AMUSEMENTS. Mark Twain.

That the people of this city fully realize that this will be their last opportunity for hearing the most famous of all humorists, "Mark Twain," is evidenced by the already liberal demand for reserved seats. There is no doubt that the audience will be large and select and very few there are indeed who have enjoyed his "Innocents Abroad," "Roughing It," "The Gilded Age," or his "Tom Sawyer," but will be there to enjoy in person the readings and sayings of this most popular of writers. Unlike most authors, Mr. Twain has proved himself to be a capital entertainer. While his audience roars with laughter, he simply pulls his moustache and scowls. Sentences and phrases that, emanating from other lips, would seem dull and commonplace, provoke paroxysms of mirth when uttered by him. He reminds you of one you have seen before. You can't [illegible] be friends with him, for old acquaintance's sake, from the first. His manner and the humorous expression of his mouth, would create laughter if he should read an act of congress to the audience.


Tacoma Daily News
12 August 1895


AMUSEMENTS. Mark Twain.

Mark Twain is today the most popular writer in the English language. Few men have ever written whose humor has so many sides -- such breadth of reach. Its passages provoke the joyous laughter of young and old, of learned or unlearned, and may be read or heard the hundredth time without losing, but rather multiplying in power. Sentences and phrases that seem at first only made for the heartiest laughter yield, at closer view, a sanity and wisdom that is good for the soul. He is, too, a wonderful story teller, and many will bear testimony that the very humor which has made him known around the world is sometimes swept along like the debris of a freshet by the current of his fascinating narrative. As a reader and speaker Mr. Clemens is outside and utterly beyond the reach of all conventional rule.

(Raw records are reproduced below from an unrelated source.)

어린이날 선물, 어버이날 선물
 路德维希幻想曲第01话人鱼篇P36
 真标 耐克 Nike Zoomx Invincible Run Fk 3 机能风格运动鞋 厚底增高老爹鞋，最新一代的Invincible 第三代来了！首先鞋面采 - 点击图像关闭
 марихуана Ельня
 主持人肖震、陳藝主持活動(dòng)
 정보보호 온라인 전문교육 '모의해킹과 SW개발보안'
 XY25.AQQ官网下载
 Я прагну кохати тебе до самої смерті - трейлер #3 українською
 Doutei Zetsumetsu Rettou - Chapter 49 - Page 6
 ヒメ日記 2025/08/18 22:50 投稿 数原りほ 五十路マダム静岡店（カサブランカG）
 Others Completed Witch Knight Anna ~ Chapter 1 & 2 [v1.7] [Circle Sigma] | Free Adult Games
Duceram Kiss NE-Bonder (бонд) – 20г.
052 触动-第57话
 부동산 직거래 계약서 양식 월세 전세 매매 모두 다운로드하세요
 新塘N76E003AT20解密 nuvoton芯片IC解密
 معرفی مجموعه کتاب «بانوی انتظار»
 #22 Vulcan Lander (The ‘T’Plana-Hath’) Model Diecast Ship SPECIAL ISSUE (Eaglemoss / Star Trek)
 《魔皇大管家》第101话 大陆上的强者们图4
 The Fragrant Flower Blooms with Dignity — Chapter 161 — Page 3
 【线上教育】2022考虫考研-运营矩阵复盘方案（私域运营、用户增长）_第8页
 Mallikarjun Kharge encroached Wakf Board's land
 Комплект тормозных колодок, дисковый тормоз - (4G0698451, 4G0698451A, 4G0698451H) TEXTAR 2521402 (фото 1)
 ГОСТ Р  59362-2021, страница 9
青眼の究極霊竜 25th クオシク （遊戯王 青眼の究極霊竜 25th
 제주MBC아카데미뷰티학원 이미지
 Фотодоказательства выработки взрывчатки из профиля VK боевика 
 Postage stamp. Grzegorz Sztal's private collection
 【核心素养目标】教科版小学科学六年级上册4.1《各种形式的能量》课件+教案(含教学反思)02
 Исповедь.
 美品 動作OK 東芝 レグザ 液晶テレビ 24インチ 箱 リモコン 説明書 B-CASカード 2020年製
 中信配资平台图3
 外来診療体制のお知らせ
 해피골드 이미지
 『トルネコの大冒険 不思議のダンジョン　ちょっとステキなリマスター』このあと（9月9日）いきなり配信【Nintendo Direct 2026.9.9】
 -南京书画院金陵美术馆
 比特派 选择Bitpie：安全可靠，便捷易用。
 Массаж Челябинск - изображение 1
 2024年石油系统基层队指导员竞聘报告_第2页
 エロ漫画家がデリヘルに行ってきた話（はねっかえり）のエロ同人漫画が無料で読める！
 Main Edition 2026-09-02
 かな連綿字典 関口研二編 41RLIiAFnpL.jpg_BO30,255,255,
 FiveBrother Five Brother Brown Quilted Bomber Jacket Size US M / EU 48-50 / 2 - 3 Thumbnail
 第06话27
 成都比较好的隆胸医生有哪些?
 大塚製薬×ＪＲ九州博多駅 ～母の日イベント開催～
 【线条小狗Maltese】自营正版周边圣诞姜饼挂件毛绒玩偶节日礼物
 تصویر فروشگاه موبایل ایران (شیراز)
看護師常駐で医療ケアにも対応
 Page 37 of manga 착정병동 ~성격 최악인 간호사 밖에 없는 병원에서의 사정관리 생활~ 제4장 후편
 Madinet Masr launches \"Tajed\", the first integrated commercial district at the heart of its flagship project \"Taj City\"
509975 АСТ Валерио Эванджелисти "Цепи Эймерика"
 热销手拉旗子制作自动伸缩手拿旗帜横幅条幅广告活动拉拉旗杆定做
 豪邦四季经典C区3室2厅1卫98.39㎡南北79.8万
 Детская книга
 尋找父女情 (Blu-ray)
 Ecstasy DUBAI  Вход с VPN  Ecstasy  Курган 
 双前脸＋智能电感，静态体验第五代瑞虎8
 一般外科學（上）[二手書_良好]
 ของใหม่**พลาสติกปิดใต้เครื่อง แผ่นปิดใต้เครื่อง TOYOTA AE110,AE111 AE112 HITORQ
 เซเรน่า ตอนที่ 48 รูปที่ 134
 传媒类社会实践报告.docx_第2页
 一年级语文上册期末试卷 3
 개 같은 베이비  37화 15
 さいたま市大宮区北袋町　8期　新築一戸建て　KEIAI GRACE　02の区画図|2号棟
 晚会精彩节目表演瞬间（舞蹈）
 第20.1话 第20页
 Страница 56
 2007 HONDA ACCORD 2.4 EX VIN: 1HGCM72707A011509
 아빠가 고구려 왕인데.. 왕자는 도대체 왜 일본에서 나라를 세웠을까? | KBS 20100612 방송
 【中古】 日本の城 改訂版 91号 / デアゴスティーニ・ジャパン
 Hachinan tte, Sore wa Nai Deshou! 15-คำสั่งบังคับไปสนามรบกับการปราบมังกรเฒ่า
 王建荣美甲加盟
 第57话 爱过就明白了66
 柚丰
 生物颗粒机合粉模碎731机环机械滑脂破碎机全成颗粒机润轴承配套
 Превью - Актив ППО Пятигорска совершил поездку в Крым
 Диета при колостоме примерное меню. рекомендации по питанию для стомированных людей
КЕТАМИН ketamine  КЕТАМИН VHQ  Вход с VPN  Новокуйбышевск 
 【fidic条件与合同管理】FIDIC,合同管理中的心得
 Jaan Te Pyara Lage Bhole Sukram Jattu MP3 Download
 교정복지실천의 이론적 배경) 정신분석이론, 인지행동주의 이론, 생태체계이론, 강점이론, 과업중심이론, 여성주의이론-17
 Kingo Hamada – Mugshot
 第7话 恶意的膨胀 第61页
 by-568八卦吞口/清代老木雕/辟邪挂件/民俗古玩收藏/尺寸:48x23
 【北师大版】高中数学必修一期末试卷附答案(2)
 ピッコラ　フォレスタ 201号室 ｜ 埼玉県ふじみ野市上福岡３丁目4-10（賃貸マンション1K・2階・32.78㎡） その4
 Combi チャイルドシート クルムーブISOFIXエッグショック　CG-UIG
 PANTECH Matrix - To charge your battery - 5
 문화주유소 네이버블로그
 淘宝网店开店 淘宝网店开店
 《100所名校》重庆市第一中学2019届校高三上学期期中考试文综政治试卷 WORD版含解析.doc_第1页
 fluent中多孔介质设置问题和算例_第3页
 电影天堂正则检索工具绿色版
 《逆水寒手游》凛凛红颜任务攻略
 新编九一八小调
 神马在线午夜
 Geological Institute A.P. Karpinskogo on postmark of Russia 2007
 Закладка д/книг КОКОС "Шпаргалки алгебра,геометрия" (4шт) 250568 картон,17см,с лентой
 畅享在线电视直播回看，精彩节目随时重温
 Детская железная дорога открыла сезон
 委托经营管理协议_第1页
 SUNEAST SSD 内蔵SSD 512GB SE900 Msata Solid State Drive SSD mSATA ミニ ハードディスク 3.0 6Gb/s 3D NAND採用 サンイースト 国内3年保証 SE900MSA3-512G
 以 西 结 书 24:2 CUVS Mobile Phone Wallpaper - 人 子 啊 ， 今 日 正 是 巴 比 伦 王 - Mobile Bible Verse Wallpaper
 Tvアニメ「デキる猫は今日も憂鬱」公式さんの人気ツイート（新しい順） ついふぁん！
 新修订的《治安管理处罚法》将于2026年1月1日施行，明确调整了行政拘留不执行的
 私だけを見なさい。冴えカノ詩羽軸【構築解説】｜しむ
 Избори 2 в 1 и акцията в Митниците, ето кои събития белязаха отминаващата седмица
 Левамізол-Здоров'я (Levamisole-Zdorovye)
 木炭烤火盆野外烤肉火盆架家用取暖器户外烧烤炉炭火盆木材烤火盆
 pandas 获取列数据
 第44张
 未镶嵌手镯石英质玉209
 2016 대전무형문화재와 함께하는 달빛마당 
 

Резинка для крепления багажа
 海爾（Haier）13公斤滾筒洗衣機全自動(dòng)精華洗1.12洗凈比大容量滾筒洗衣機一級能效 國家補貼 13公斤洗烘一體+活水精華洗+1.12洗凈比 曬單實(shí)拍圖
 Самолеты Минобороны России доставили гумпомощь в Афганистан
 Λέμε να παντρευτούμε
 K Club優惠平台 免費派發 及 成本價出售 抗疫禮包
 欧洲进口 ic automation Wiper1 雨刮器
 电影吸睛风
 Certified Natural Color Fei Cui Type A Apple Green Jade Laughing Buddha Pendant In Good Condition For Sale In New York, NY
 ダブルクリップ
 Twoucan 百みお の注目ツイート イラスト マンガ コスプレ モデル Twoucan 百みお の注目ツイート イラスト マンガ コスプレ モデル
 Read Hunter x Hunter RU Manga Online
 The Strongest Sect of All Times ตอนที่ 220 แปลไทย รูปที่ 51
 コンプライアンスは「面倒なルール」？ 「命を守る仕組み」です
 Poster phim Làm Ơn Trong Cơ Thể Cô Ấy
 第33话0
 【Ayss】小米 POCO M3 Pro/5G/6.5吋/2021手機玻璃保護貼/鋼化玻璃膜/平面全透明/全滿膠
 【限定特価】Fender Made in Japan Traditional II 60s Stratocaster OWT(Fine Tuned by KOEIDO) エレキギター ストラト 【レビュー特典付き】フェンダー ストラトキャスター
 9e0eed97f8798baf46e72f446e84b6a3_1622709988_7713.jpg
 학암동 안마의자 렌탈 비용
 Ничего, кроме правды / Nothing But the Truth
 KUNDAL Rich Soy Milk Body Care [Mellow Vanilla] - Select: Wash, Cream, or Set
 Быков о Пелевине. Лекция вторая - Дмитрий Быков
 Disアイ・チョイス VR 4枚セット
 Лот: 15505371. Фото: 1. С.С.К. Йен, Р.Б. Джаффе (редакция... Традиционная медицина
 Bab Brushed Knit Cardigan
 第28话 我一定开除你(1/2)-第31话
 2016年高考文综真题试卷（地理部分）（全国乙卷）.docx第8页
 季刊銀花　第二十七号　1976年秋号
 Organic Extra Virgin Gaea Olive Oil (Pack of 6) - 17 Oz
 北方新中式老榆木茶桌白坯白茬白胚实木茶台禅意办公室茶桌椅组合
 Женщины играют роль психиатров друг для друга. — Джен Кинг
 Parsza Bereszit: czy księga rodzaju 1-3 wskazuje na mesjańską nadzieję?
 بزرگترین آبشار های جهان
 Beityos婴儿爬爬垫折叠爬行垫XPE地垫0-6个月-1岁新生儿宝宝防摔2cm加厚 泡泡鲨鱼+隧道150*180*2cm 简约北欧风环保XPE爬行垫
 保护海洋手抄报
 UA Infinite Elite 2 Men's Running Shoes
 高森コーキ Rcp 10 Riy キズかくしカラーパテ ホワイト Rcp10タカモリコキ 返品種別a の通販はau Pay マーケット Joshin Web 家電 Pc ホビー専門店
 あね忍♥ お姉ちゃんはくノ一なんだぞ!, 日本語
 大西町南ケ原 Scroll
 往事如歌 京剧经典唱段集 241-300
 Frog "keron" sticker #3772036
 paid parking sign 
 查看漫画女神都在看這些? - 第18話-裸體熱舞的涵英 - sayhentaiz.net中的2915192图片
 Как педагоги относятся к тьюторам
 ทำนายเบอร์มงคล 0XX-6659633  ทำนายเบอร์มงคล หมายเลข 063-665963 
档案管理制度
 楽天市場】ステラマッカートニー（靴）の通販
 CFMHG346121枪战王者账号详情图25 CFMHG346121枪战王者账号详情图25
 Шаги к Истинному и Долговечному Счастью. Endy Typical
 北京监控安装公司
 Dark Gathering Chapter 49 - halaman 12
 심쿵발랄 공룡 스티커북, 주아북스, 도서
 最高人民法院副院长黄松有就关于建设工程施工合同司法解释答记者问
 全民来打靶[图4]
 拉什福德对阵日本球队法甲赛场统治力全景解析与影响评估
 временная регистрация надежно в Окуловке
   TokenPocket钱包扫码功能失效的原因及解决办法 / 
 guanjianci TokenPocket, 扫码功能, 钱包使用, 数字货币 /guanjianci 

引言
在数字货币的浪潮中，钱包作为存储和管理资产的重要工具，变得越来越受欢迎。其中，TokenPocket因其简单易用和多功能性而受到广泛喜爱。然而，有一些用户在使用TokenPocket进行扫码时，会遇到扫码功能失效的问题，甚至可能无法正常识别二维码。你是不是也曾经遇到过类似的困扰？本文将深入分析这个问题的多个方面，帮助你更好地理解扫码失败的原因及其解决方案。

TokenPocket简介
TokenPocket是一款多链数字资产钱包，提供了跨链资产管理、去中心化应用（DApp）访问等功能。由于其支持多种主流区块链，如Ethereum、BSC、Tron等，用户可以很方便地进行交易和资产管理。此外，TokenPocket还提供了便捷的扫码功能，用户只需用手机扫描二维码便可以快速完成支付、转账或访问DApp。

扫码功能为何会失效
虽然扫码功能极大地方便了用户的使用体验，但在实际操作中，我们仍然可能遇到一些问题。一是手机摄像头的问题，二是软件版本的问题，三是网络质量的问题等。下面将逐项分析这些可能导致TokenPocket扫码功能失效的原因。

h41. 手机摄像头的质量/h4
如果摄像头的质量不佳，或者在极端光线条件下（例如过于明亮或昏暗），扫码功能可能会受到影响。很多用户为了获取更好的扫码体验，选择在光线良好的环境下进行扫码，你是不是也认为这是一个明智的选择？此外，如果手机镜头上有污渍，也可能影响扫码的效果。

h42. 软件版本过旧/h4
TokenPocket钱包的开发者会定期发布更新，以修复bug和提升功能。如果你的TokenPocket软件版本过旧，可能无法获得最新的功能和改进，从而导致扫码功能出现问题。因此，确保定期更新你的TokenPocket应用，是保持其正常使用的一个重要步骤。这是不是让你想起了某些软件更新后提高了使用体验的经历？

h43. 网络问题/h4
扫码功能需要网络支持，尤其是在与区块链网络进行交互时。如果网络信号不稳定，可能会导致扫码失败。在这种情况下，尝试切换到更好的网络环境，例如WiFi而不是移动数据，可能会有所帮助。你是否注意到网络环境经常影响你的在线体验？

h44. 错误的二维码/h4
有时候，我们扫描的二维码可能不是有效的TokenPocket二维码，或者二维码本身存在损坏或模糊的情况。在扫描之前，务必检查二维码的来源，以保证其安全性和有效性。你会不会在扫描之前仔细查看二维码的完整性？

But coming from his own lips his lines gather and convey innumerable charming significances. Laughter invariably greets his first period and attends him to the end and ceases with a sense in his hearers of having been captivated by no mere harlequinade of speech or manner, but by a genuine and healthful wit, as good to remember as it was to hear.

Mark Twain will deliver a lecture at the Tacoma theatre tonight.